二阶线性递归是指数列的一项是由前两项的线性组合决定的,次数为一次。通常二阶线性递归的形式可以如下表示:
$$ a_n = pa_{n-1} + qa_{n-2} $$
设 \( \alpha, \beta. \)拼凑等比数列,使得,
$$
\begin {aligned}
a_n = pa_{n-1} + qa_{n-2} \\
a_n = (\alpha+\beta)a_{n-1}-\alpha\beta a_{n-2} \
\end {aligned}
$$
所以,
$$
\begin{cases}
\alpha+\beta=p \\
\alpha\beta=q
\end{cases}
$$
若 \( \alpha\not=\beta. \)则
$$ a_n - \alpha a_{n-1}=\beta^{n-2}(a_2-\alpha a_1) $$
又由于\(\alpha,\beta 具有对称性\)
$$
\begin{cases}
\beta a_n - \alpha\beta a_{n-1}=\beta^{n-1}(a_2-\alpha a_1) \\
\alpha a_n - \beta a_{n-1}=\alpha^{n-1}(a_2-\beta a_1)
\end{cases}
$$
解得,
$$ a_n=\frac{a_2-\alpha a_1}{\beta(\beta-\alpha)}\beta^n + \frac{a_2-\beta a_1}{\alpha(\alpha-\beta)}\alpha^n $$
从上面的式子可以发现特征根法的结果为:
$$ a_n=A\alpha^n + B\beta^n$$
其中A,B可以带入两个特殊值求解出,例如\(a_1,a_2。\alpha,\beta\)则为递推公式\(a_n=pa_{n-1}+qa_{n-2}\)对应特征方程\(x^2=px+q\)的两个根。
赌徒模型
此时我们引入赌徒破产问题,假设游戏中赌徒有\(\alpha \)的概率赢得一元,\(1-\alpha \)的概率输掉一元。现在赌徒拥有h元,他的目标是N元,当他成功赢到N元(即手里的前变为N)或者输光已有的h元(手头钱为0)则游戏结束。P(N|h)可以表示赌徒拥有h元赢到N的概率。明显有两个值我们可以求解得P(N|0)=0, P(N|N)=1.
当赌徒拥有h元时,那么下一轮的状态有\(\alpha \)的概率是h+1或者\(1-\alpha \)的概率是h-1。因此当前胜利的概率可以用下一状态的两种可能的和表示。
$$ P(N|h) = \alpha P(N|h+1)+(1-\alpha)P(N|h-1) $$
这边构成了一个二阶线性递归,根据上面的知识我们知道特征多项式为
$$ x^2 - \frac{1}{\alpha}x + \frac{1-\alpha}{\alpha}=0$$
很容易的出上面方程的两个根是1和\(r=\frac{1-\alpha}{\alpha}\).所以,
$$P(N|h)=A(1)^h+B(r)^h$$
带入P(N|0)=0, P(N|N)=1可解得
$$
\begin{cases}
A+B=0 \\
A+B(r)^N = 1
\end{cases}
$$
$$
\begin{cases}
A=\frac{1}{1-r^N} \\
B=\frac{-1}{1-r^N}
\end{cases}
$$
所以,当赌徒拥有h元最终获得N的概率为
$$
P(N|h) = \frac{1-r^h}{1-r^N}
$$
建模解决问题
论文中的问题如果用赌徒破产模型建模的话可以从两个方面着手,一个是诚实节点拥有z个块,目标是输完最终拥有0个块(也就是攻击节点追上z个)可以用P(0|z)表示这一概率。
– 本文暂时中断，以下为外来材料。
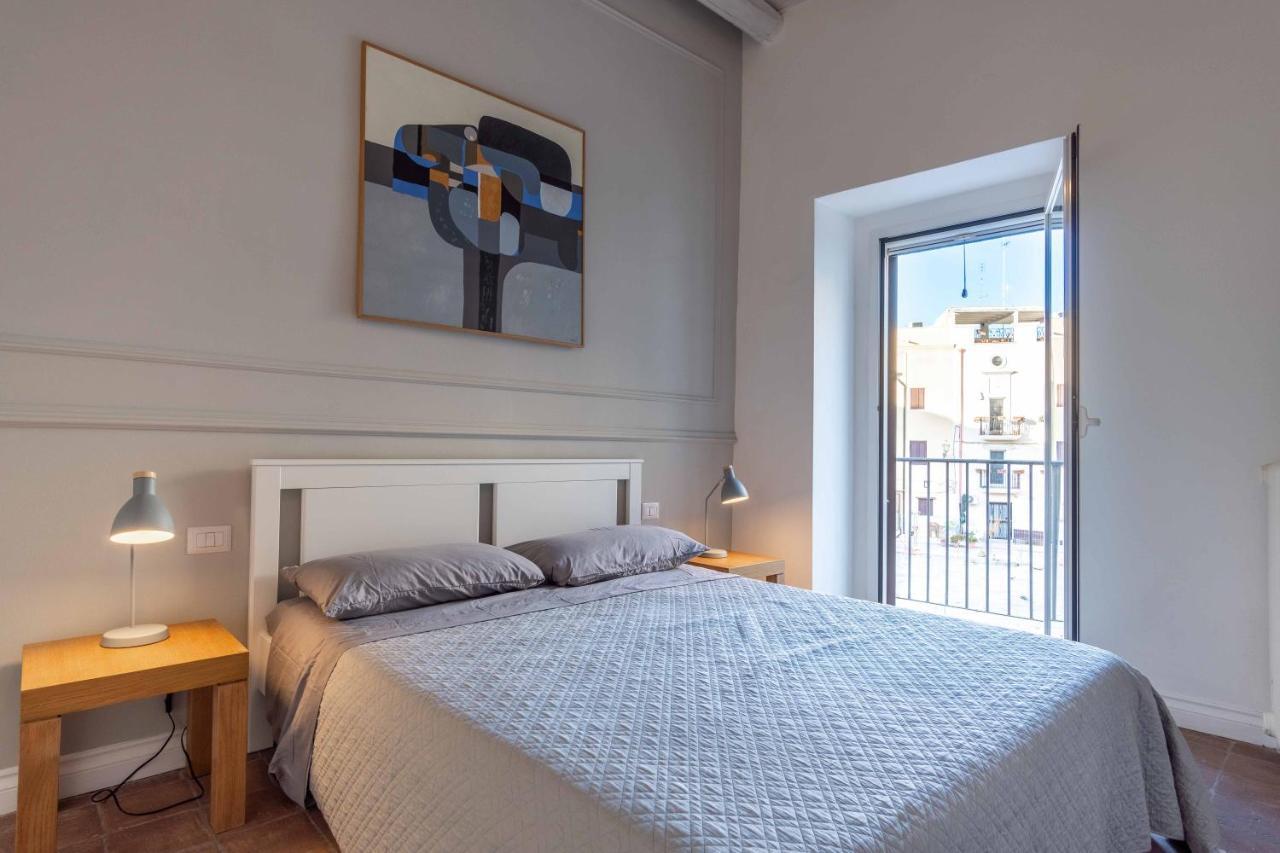 شقة باري  في San Pietro House المظهر الخارجي الصورة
参考上面的模型,此时\(\alpha\)=q(攻击者发现块的概率)
$$ P(0|z)=\alpha P(0|z-1)+(1-\alpha)p(0|z+1)$$
解得,
$$
\begin{cases}
x_1=1 \\
x_2=\frac{\alpha}{1-\alpha} = r
\end{cases}
$$
$$P(0|z)=A(1)^z+B(r)^z$$
此时我们需要带入两个点求得A,B。 P(0|0)和\(P(0|\infty)\)是两个容易发现的边界点。因为\(r^z\)的单调性不一致需要分类讨论。
当0<r<1, \(0<\alpha<\frac{1}{2}\)时,
$$
\begin{cases}
A+B=0 \\
A=0
\end{cases}
$$
所以,B=1,P(0|z)=\((\frac{\alpha}{1-\alpha})^z = (\frac{q}{p})^z\)
当 \(r\geq 1, \alpha \geq\frac{1}{2}\)时
$$
\begin{cases}
A+B=1 \\
A+\infty=0
\end{cases}
$$
所以 P(0|z)=1.当然,从攻击者的角度来求解也是可以的即求解P(z|0),过程与上述类似。